**The task**. Print the data exactly, leaving nothing out.
*** Block opens ***
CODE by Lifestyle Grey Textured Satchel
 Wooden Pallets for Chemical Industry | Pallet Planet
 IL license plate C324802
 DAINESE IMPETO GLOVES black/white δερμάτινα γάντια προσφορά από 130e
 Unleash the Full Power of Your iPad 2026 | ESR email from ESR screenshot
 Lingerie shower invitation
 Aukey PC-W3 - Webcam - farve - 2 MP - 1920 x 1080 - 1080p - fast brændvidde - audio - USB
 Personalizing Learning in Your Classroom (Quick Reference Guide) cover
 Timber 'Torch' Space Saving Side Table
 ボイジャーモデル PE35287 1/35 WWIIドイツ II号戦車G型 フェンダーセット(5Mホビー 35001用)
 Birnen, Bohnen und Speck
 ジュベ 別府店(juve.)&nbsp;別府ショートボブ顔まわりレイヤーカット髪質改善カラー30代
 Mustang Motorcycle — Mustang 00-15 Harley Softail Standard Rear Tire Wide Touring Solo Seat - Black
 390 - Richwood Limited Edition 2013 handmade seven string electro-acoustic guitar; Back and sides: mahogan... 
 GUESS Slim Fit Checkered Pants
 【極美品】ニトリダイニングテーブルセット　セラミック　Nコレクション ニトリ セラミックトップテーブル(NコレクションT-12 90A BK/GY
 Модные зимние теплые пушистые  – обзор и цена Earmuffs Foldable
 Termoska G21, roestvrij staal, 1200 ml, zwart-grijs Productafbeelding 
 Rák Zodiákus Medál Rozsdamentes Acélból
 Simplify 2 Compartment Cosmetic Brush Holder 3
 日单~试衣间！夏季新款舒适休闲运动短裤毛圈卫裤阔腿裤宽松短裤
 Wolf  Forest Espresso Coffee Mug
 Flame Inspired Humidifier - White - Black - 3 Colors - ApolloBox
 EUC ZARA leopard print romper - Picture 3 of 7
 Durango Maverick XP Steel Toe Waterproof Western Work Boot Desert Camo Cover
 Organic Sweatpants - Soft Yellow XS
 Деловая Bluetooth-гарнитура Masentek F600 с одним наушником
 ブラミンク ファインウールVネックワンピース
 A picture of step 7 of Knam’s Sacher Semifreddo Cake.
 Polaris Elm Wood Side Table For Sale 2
*** Block closes ***
**Exercise response**.
CODE by Lifestyle Grey Textured Satchel
 Wooden Pallets for Chemical Industry | Pallet Planet
 IL license plate C324802
 DAINESE IMPETO GLOVES black/white δερμάτινα γάντια προσφορά από 130e
 Unleash the Full Power of Your iPad 2026 | ESR email from ESR screenshot
 Lingerie shower invitation
 Aukey PC-W3 - Webcam - farve - 2 MP - 1920 x 1080 - 1080p - fast brændvidde - audio - USB
 Personalizing Learning in Your Classroom (Quick Reference Guide) cover
 Timber 'Torch' Space Saving Side Table
 ボイジャーモデル PE35287 1/35 WWIIドイツ II号戦車G型 フェンダーセット(5Mホビー 35001用)
 Birnen, Bohnen und Speck
 ジュベ 別府店(juve.)&nbsp;別府ショートボブ顔まわりレイヤーカット髪質改善カラー30代
 Mustang Motorcycle — Mustang 00-15 Harley Softail Standard Rear Tire Wide Touring Solo Seat - Black
 390 - Richwood Limited Edition 2013 handmade seven string electro-acoustic guitar; Back and sides: mahogan... 
 GUESS Slim Fit Checkered Pants
 【極美品】ニトリダイニングテーブルセット　セラミック　Nコレクション ニトリ セラミックトップテーブル(NコレクションT-12 90A BK/GY
 Модные зимние теплые пушистые  – обзор и цена Earmuffs Foldable
 Termoska G21, roestvrij staal, 1200 ml, zwart-grijs Productafbeelding 
 Rák Zodiákus Medál Rozsdamentes Acélból
 Simplify 2 Compartment Cosmetic Brush Holder 3
 日单~试衣间！夏季新款舒适休闲运动短裤毛圈卫裤阔腿裤宽松短裤
 Wolf  Forest Espresso Coffee Mug
 Flame Inspired Humidifier - White - Black - 3 Colors - ApolloBox
 EUC ZARA leopard print romper - Picture 3 of 7
 Durango Maverick XP Steel Toe Waterproof Western Work Boot Desert Camo Cover
 Organic Sweatpants - Soft Yellow XS
 Деловая Bluetooth-гарнитура Masentek F600 с одним наушником
 ブラミンク ファインウールVネックワンピース
 A picture of step 7 of Knam’s Sacher Semifreddo Cake.
 Polaris Elm Wood Side Table For Sale 2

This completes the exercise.